Problem to work on | For this exercise, the reply is the listing below, reproduced exactly.

Data records |
-----

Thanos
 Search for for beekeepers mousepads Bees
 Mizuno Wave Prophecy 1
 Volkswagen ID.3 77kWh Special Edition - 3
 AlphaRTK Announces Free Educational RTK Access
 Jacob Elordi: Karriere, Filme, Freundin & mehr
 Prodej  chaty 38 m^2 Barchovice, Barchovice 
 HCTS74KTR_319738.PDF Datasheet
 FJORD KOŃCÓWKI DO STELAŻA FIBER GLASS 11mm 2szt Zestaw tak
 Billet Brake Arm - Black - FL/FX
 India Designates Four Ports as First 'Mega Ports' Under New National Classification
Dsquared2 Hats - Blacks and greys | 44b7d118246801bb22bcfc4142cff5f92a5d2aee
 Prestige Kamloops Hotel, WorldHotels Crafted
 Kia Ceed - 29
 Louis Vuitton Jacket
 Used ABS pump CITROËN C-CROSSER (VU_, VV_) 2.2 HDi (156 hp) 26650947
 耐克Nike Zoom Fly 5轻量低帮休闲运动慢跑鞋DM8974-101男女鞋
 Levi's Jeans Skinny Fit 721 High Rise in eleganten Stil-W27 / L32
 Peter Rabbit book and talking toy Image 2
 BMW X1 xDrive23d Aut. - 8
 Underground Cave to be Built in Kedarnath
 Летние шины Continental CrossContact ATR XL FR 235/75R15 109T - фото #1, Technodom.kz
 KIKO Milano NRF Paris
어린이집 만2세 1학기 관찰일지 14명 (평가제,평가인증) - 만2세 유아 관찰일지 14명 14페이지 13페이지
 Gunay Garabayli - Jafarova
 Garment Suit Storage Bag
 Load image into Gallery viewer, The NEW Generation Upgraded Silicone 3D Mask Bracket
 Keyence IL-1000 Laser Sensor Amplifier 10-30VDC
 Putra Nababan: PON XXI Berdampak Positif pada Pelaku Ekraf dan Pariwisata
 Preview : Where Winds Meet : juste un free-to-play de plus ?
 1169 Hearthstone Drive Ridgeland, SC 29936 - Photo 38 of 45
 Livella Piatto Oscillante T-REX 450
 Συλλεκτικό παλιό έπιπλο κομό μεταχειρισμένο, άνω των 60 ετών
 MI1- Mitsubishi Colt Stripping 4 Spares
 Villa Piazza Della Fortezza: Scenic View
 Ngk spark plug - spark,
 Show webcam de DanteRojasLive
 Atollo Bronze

-----

Written response |
Thanos
 Search for for beekeepers mousepads Bees
 Mizuno Wave Prophecy 1
 Volkswagen ID.3 77kWh Special Edition - 3
 AlphaRTK Announces Free Educational RTK Access
 Jacob Elordi: Karriere, Filme, Freundin & mehr
 Prodej  chaty 38 m^2 Barchovice, Barchovice 
 HCTS74KTR_319738.PDF Datasheet
 FJORD KOŃCÓWKI DO STELAŻA FIBER GLASS 11mm 2szt Zestaw tak
 Billet Brake Arm - Black - FL/FX
 India Designates Four Ports as First 'Mega Ports' Under New National Classification
Dsquared2 Hats - Blacks and greys | 44b7d118246801bb22bcfc4142cff5f92a5d2aee
 Prestige Kamloops Hotel, WorldHotels Crafted
 Kia Ceed - 29
 Louis Vuitton Jacket
 Used ABS pump CITROËN C-CROSSER (VU_, VV_) 2.2 HDi (156 hp) 26650947
 耐克Nike Zoom Fly 5轻量低帮休闲运动慢跑鞋DM8974-101男女鞋
 Levi's Jeans Skinny Fit 721 High Rise in eleganten Stil-W27 / L32
 Peter Rabbit book and talking toy Image 2
 BMW X1 xDrive23d Aut. - 8
 Underground Cave to be Built in Kedarnath
 Летние шины Continental CrossContact ATR XL FR 235/75R15 109T - фото #1, Technodom.kz
 KIKO Milano NRF Paris
어린이집 만2세 1학기 관찰일지 14명 (평가제,평가인증) - 만2세 유아 관찰일지 14명 14페이지 13페이지
 Gunay Garabayli - Jafarova
 Garment Suit Storage Bag
 Load image into Gallery viewer, The NEW Generation Upgraded Silicone 3D Mask Bracket
 Keyence IL-1000 Laser Sensor Amplifier 10-30VDC
 Putra Nababan: PON XXI Berdampak Positif pada Pelaku Ekraf dan Pariwisata
 Preview : Where Winds Meet : juste un free-to-play de plus ?
 1169 Hearthstone Drive Ridgeland, SC 29936 - Photo 38 of 45
 Livella Piatto Oscillante T-REX 450
 Συλλεκτικό παλιό έπιπλο κομό μεταχειρισμένο, άνω των 60 ετών
 MI1- Mitsubishi Colt Stripping 4 Spares
 Villa Piazza Della Fortezza: Scenic View
 Ngk spark plug - spark,
 Show webcam de DanteRojasLive
 Atollo Bronze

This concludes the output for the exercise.